There is all kinds of great historical information and fun tidbits:

  • The oldest wild tea tree is 1700 years old
  • The oldest cultivated tea plant is about 800 years old
  • Why the coffee houses were at odds with tea houses, and why drinking tea was considered "immoral" for a time.
  • Just how powerful was the East India Trading Company? (think Starbucks with the weight and power of the U.S. military behind them)
  • How and why the elaborate tea customs in Japan differ from China.
Also, there is a great section on varieties of tea and how each variety can/should be prepared.

Really, for a "coffee table" book, it's jam packed with all kinds of great info.

A note on tea preparation... the method of pulling certain properties/constituents from a plant by steeping in oil or water is called an infusion. The longer an infusion is allowed to steep, the more properties are pulled out.

With a hot water infusion, the heat shocks the herbs into releasing their properties in a quick burst. First the flavors will be released, then the more bitter properties, then the oils. Tannins are one of those "middle" properties, and they can be very bitter. The reason 3 minutes is the recommended time is that it produces a nice balance between the flavor properties and the tannins. Too much steeping, and the tannins will overwhelm the balance.

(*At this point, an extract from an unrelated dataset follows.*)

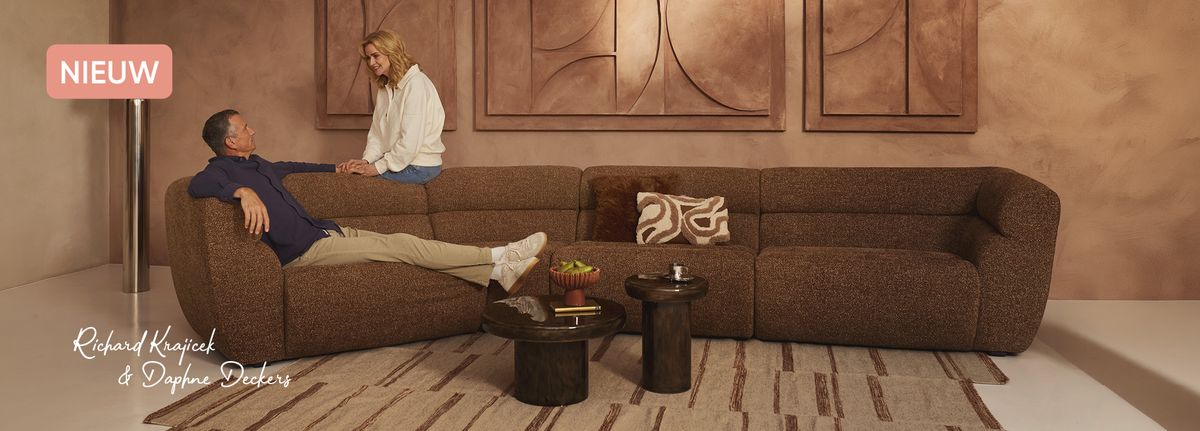 A man reclines on a brown sofa while a woman leans over him, in a warm, art-filled living room with a modern design.
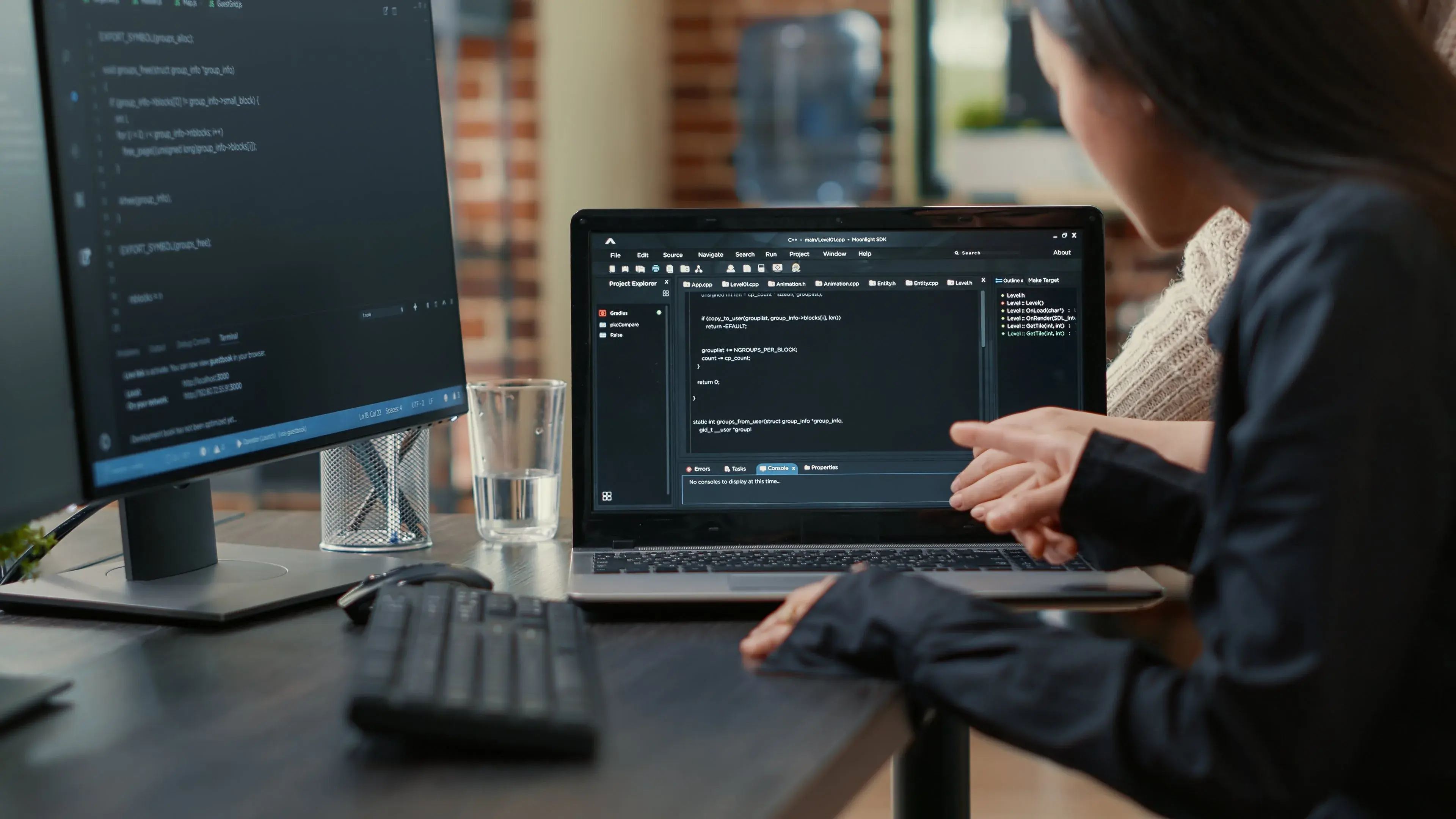 Two developers reviewing code on a laptop at a desk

A cold water infusion, on the other hand, can be allowed to steep longer, as there is no shock burst. The herbs will release their properties much slower. There is still the danger of over steeping, but it is much more forgiving time-wise. This is why "sun-steeped" teas are relatively easy to do.

NEVER NEVER NEVER boil your tea/herbs. You will end up pulling out not only the flavors and tannins, but also the essential oils. Essential oils are very tricky, some plants that are fine for tea have extremely toxic essential oils. Oil infusions also bind/pull out essential oils, so be careful what herbs you use for flavoring oils. Research before trying something new. Boiling, or decoction, is reserved for woody herbs (like cinnamon sticks), and only for very specific purposes.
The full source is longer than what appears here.